A Catholic Monthly Magazine

We Are Adopted, Yet Truly God’s Children

Fr Tony King SM

As long as God has been God – eternally – God has desired that his human creatures should also be genuinely his children. And Jesus, the incarnate Word of God, came for that very reason: "I have come so that they may have life, and have it to the full" (John 10:10).

That fullness of life, as children of God, in John's Gospel is called "eternal life", and is bestowed through a new kind of birth, a spiritual "birth" from "above", as Jesus said when Nicodemus came to see him, a birth through water and the Spirit -- "In all truth, I tell you, no one can enter the kingdom of God without being born through water and the Spirit" (John 3:5).

"God gave his only son so that everyone who believes in him may . . . have eternal life" (John 3:16).

Water was Jesus' symbol for our fullness of life, when he spoke to the woman by the well in Samaria, and asked her for a drink:

The Samaritan Woman at the Well, Carl Heinrich Bloch, 1872

"If you only knew what God was offering, and who it is that is saying, give me a drink, you would have been the one to ask, and he would have given you living water . . . the water that I shall give will become within you a spring of water welling up to eternal life" (John 4:10, 14).

After the miraculous feeding of the people in John's Gospel, Jesus speaks to the crowd and refers to himself as the "bread of life", the true bread that came down from heaven. He went on to say:

"It is my Father's will that whoever sees the Son and believes in him should have eternal life, and that I should raise that person up on the last day" (John 6:40).

It is through Jesus, by him and in him that we receive the gift of being God's own children.

In his letters, St Paul expresses this many times:

"Now that faith has come, we are no longer under a slave looking after us, for all of you are children of God through faith in Christ Jesus since every one of you that has been baptised has been clothed in Christ . . . you are all one in Christ Jesus" (Galatians 3:26).

"God decided beforehand the ones destined to be moulded to the pattern of his Son so that he should be the eldest of many brothers" (Romans 8:29).

St Paul also expresses the gift that God grants to us in being God's adopted children. So are we REALLY children of God? Yes, of course. God's adopting us really bestows a sharing in God's own life. The term 'adoption' conveys simply that we 'participate' -- we are not additional divine persons to the Trinity.

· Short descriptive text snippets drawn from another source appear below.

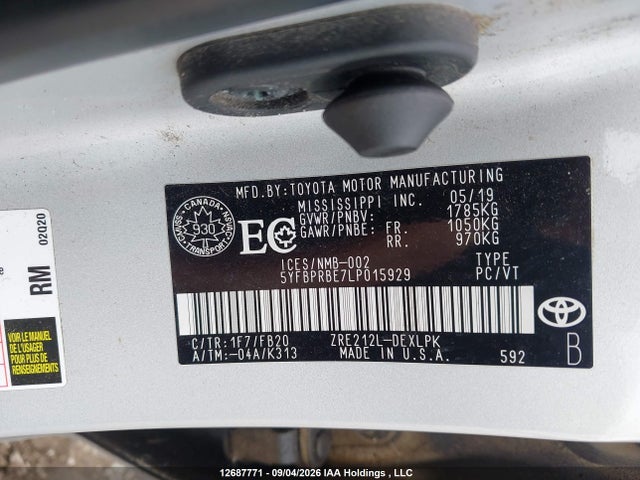 2020 Toyota Corolla მანქანა იყიდება აუქციონზე, vin: 5YFBPRBE7LP015929, აუქციონის ნომერი: 12687771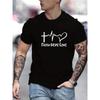 Summer Men's 100% Cotton Casual Loose Size FAITH HOPE LOVE Print Round Neck Short Sleeve T-shirt Top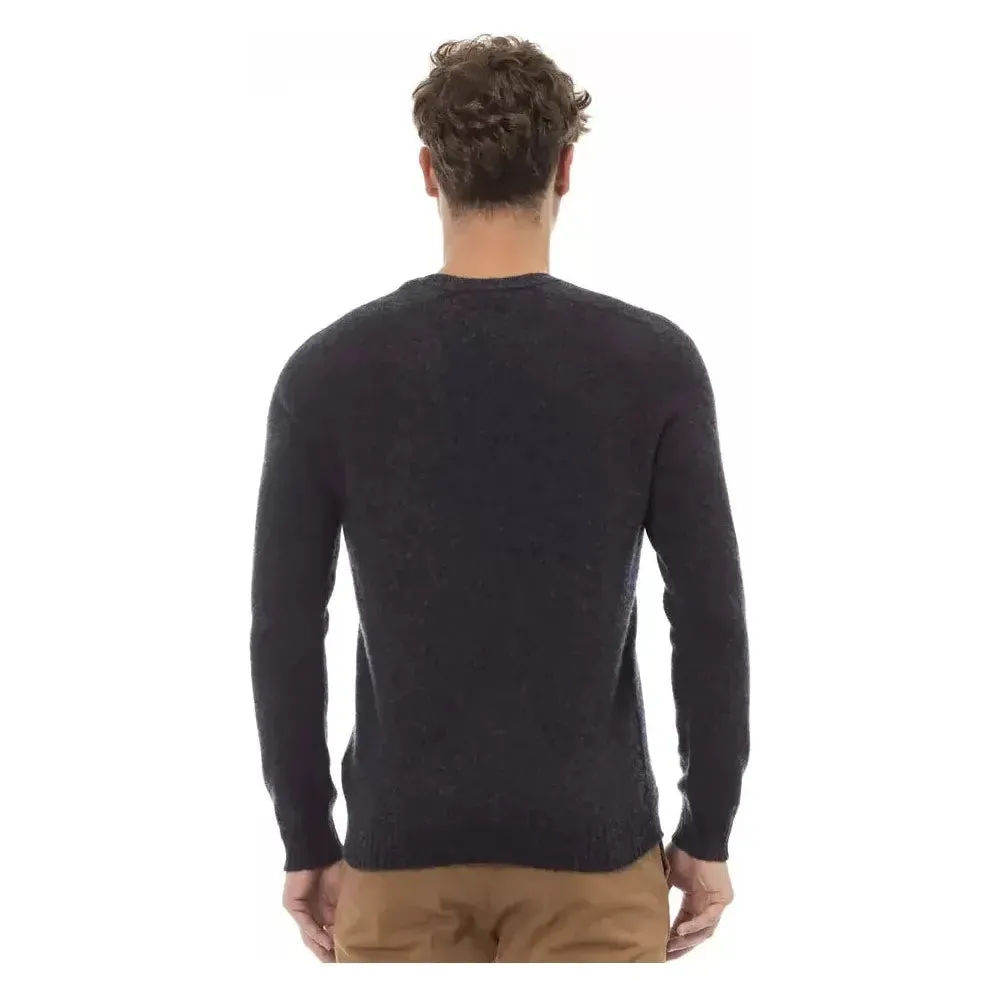 Alpha Studio Black Wool Men Sweater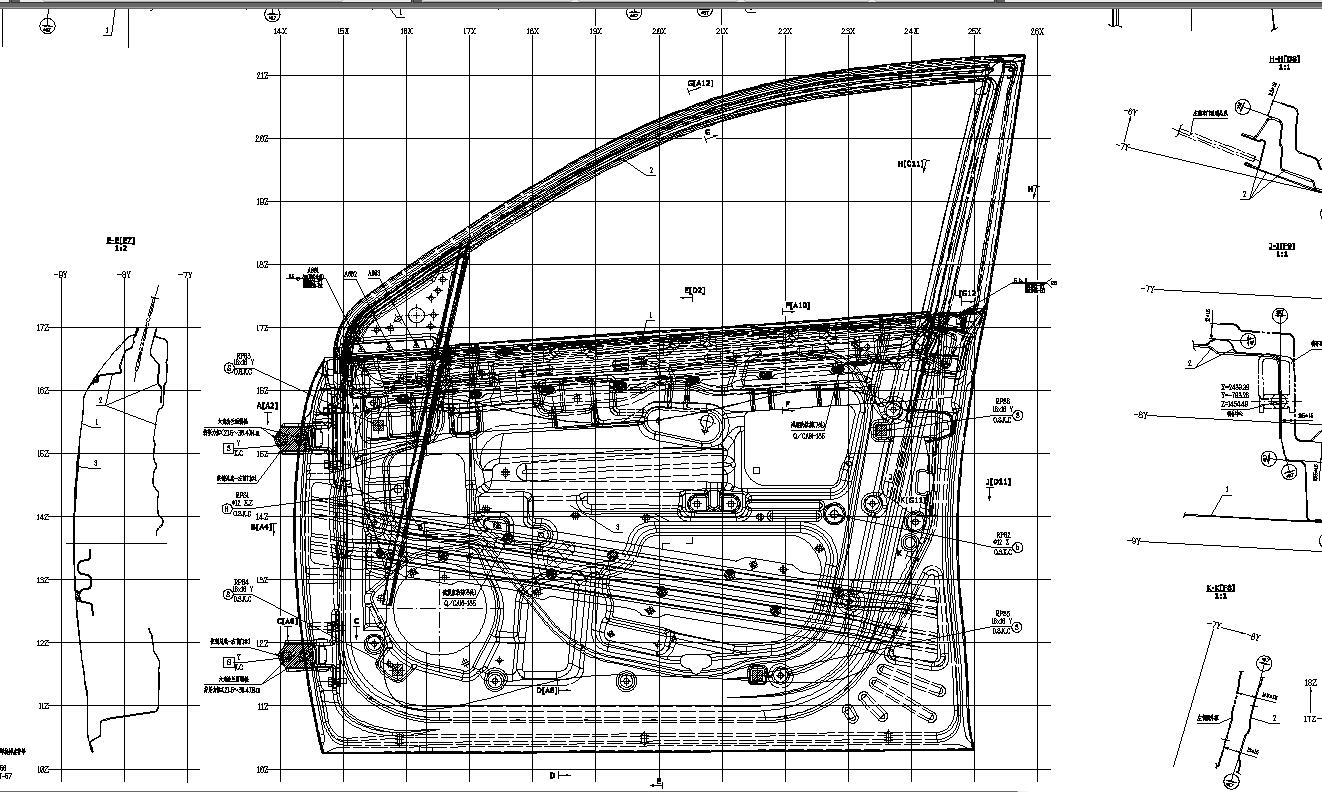 车门结构CAD图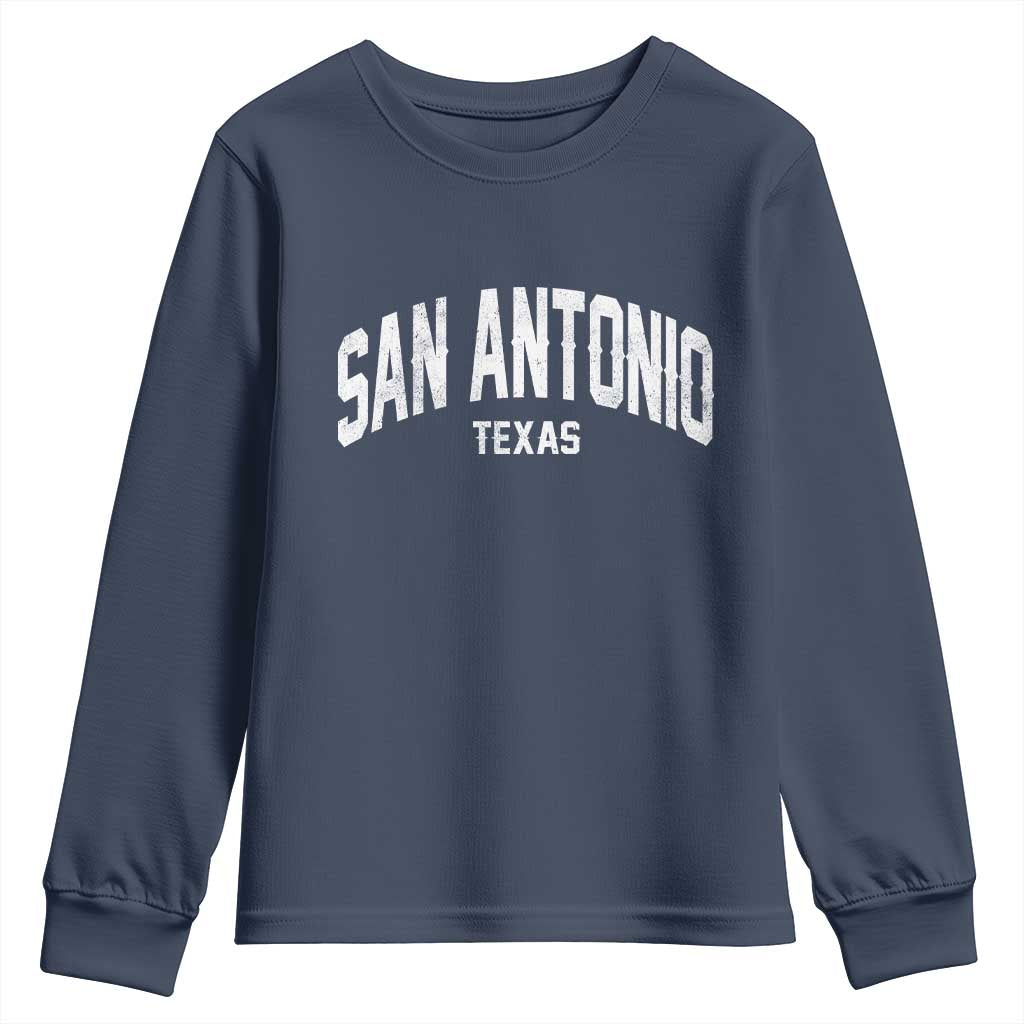 San Antonio Texas TX Vintage Youth Sweatshirt TS11 Navy Print Your Wear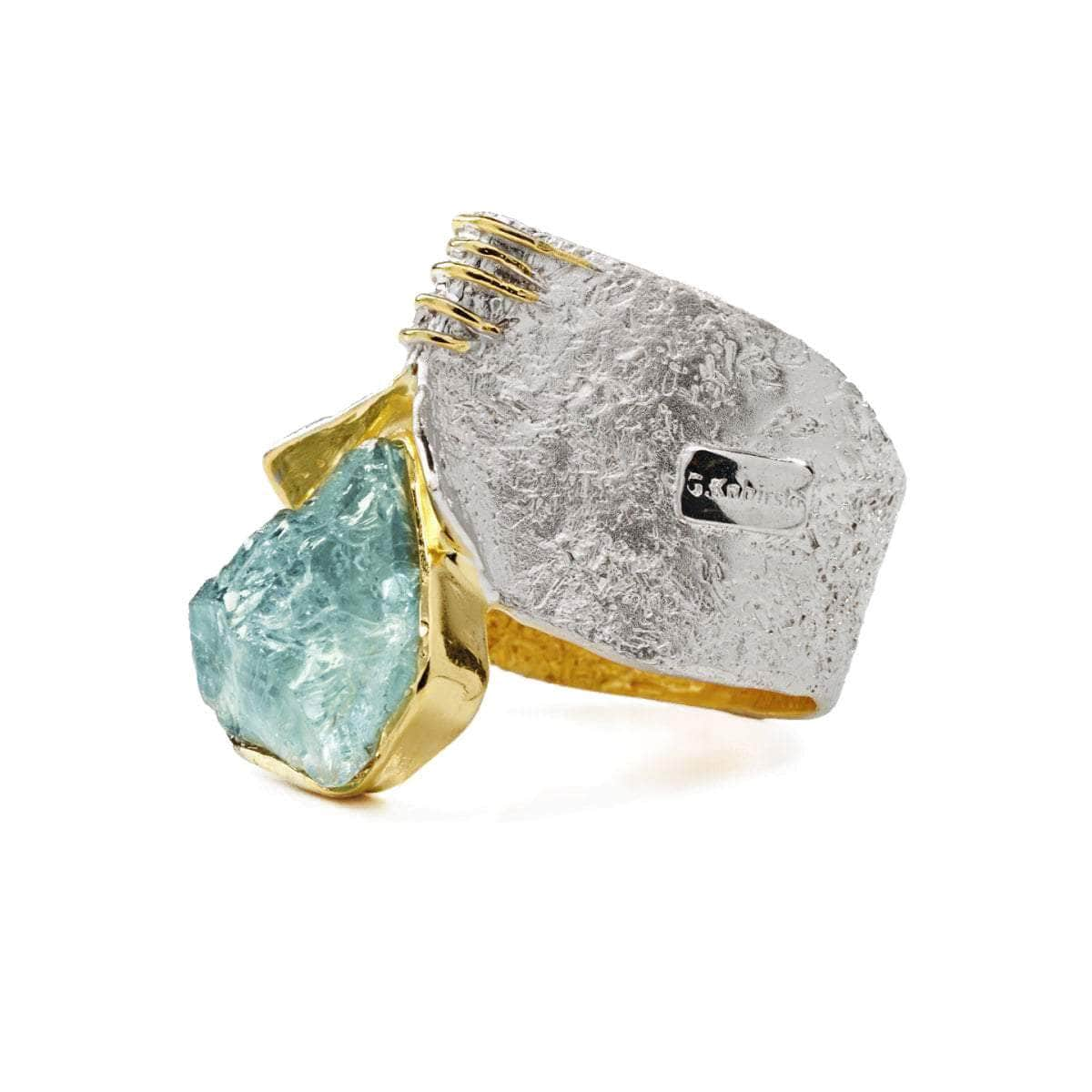 German Kabirski Women's Blue / Silver Corliss Aquamarine Rough - Ring In Gray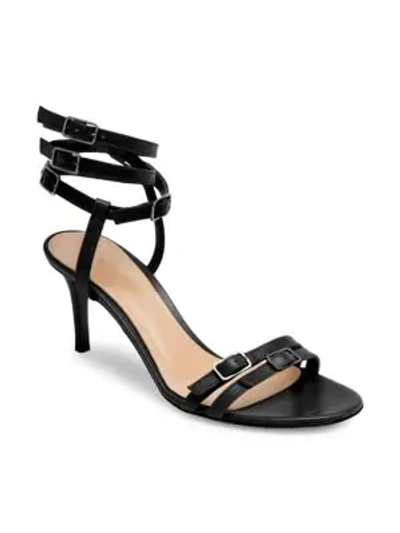Gianvito Rossi Triple Buckle Leather Sandals In Black
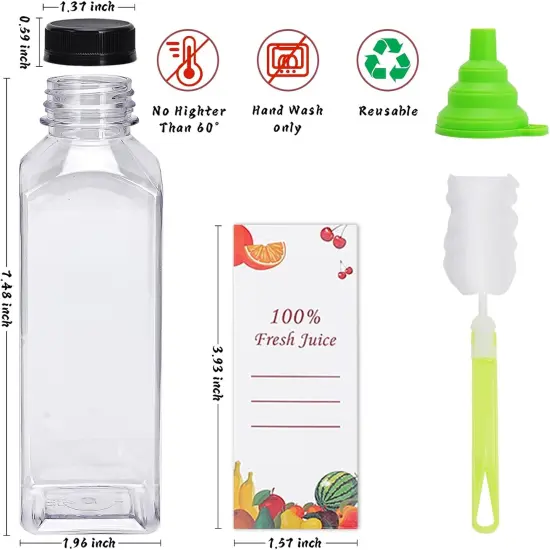 Plastic Juice Bottles 150 pcs 16 oz Empty Plastic Water Bottles with Caps {3}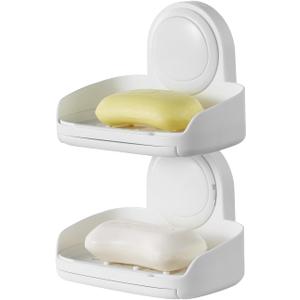 VEVOR Soap Holder for Shower, Double Layer with Suction Cup, Wall Mounted NO-Drilling, Strong Suction Bar Soap Sponge Holder, Self Draining Soap Saver, for Shower Bathroom Bathtub Kitchen, Removable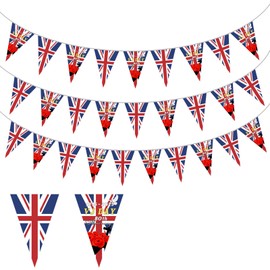 VJ Day Flag 10M 80th Anniversary Flag with 30P Triangular String Flags,VJ Day Triangular Bunting Flags Celebration Memorabilia Banner 80 Year Victory over Japan VJDay Decor In/Outdoor Celebrat Party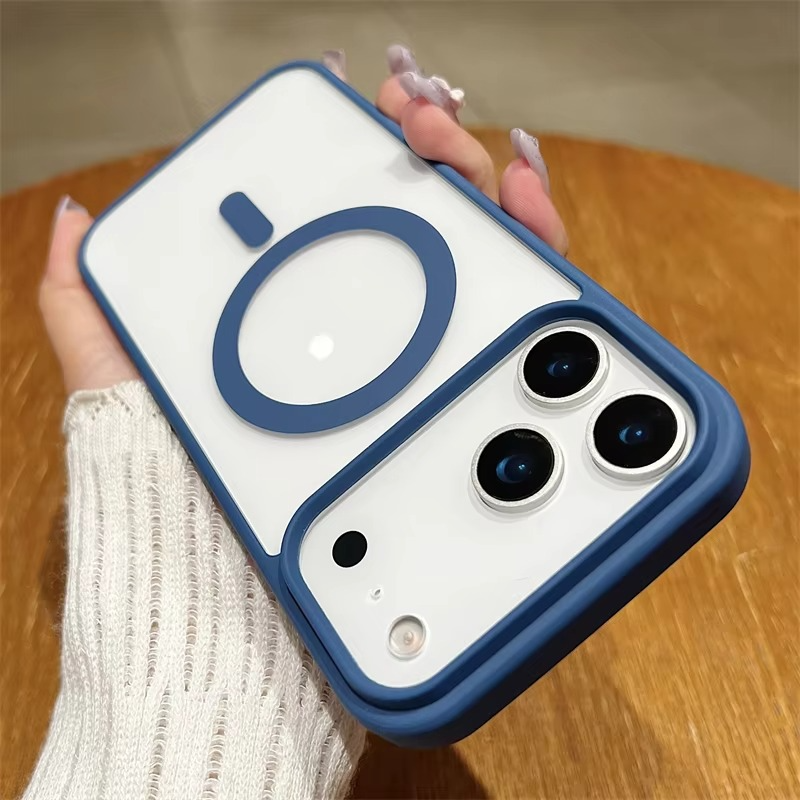 Luxury Magnetic Magsafe Wireless Charging iPhone Case — Transparent Hard Back, Shockproof, Anti-Fingerprint, Slim Protective Cover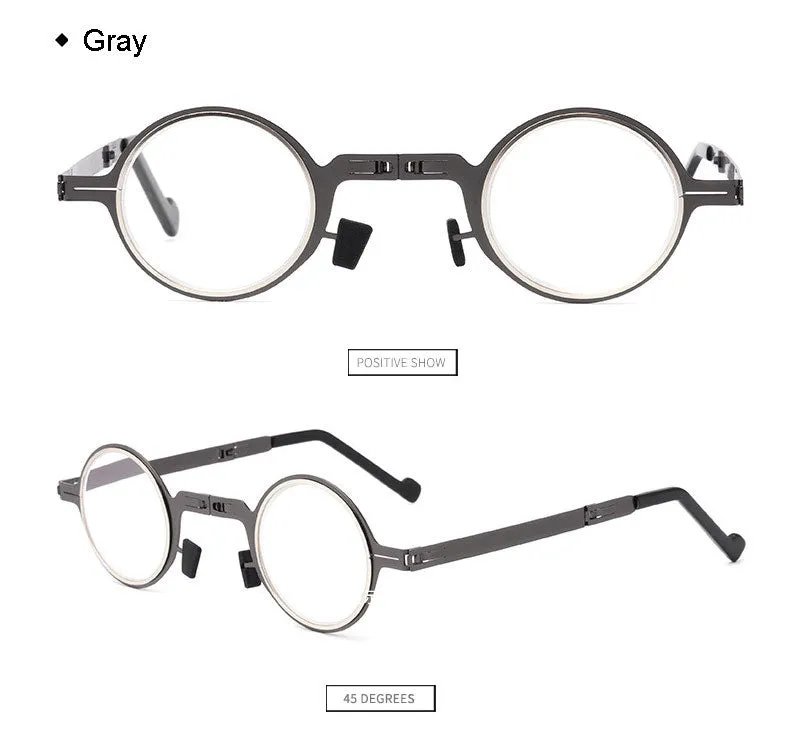 Hotony Unisex Full Rim Round Alloy Screwless Foldable Frame Presbyopic Reading Glasses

"All who are guided by the Spirit of God are children of God . . . You received the Spirit of adoption, enabling us to cry out 'Abba, Father'. The Spirit himself joins with our spirit to bear witness that we are children of God. And if we are children, then we are heirs, heirs of God" (Romans 8:14-17).

'Abba' is a very personal word, a term of familiarity, within a family. The Israelites would have been astonished at any idea of calling God 'Abba'. Some have difficulty in praying to God as Father and choose in public prayers to replace such titles with others, even omitting the Lord's Prayer. The practice necessarily implies a lessening of the intimate relationship that God has desired for his children to have with him.

It is true that in God, since God is pure Spirit, there is no sex as such – no maleness, no femaleness. However, there is in God the utmost perfection of fatherliness and motherliness. It is God, the three Divine Persons who adopt us as children, who really participate in the life of the Trinity.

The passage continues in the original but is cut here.